The friendship shared with those who share a vision
I am recently returned from a series of transformational gatherings in New Zealand, where I had the privilege and joy of dreaming, playing and planning with a bunch of world-wide change-makers. All different ages, and from a huge range of spectrums, we collided for 5 days. Among us were space scientists, technology activists, Singularity University teachers, radical self-love and intersectionality poets, consciousness gurus, farm innovators, food innovators, alternative education specialists, organisational innovators... the list goes on.
Over the 5 days, a new space beyond the ordinary mechanics of bringing a group of people together began to emerge. People would start to finish each others' sentences -- and beyond that, speak to each others' thoughts before anyone had even spoken. In circles, I felt a great ease noticing thoughts or realisations bubble up in my mind, only to have someone else do the sharing for me! Ideas of new collaborations and projects were coming to people, as if from the land. The collective intelligence of the group began to emerge, and with that, the self-organising, swarming, stigmergy behaviour that is associated with it. It was remarkable.
I'm very aware of what a huge privilege it is to be able to have the time, funds, and just general - privilege - to be attending such events on the other side of the world. It makes it feel even more imperative that the time is spent wisely, and productively, while also leaving time to just "be" and allow whatever needs to emerge between us to do so. And also has a certain responsibility that comes with it to think: how do we best serve the greater whole by our gathering together like this?

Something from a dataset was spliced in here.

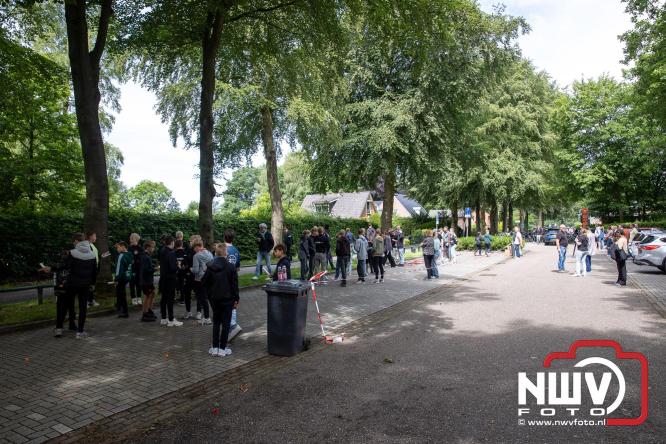Supporters zwaaien met fakkels DSV'61 eerste team uit naar Rouveen voor de promotie wedstrijd naar de derde klasse tegen vv Ommen. - &copy; NWVFoto.nl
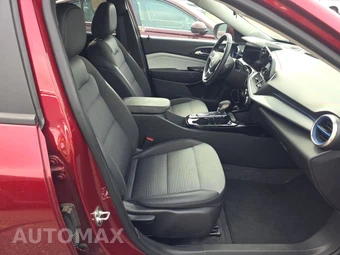 2025 Chevrolet Trax LT - miniatura 8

Apart from the inspiration we all received from spending time amongst other dreamers, story-weavers, innovators and doers (and on a piece of land that has magical qualities of its own), I got to experience something I haven't felt renewed in a while -- the relationship and space that forms between two or more of you, when you share a vision and see each other (truly 'see' each other) in your abilities and commitment to work towards achieving it. It's a flavour of love that I'd like to find the word for. A platonic but electric love for the possibility you hold between you.
And it's also more than that. It's a totally different kind of commitment to each other, and each other's personal growth and transformation. Because you each know that your collective ability to act and deliver on that vision and work depends on all of your potential to be the best version of yourselves. It's a commitment to building each other up, and unlocking the potential in the parts and the whole.
As I sat down to write today, I was directed by a few clues to the website of the Co-Intelligence Institute, where I found this recurring quotation by Pierre Teilhard de Chardin:
"There is almost a sensual longing for communion with others who have a large vision. The immense fulfilment of the friendship between those engaged in furthering the evolution of consciousness has a quality impossible to describe."
This certainly comes close to describing the communion I spoke of... and touches on a large part. But some of it is also seeing the possibility of what is possible in the eyes of the other, and the feeling of commitment to do the work.
It's tough that many of us are flung around the globe... But I have a feeling we'll meet soon again, and by training that 'recognition' muscle, I am already noticing the quality of my relationships, both new and old, as I recognise what is possible in that person's evolution, our evolution together, and the evolution of the collective human race.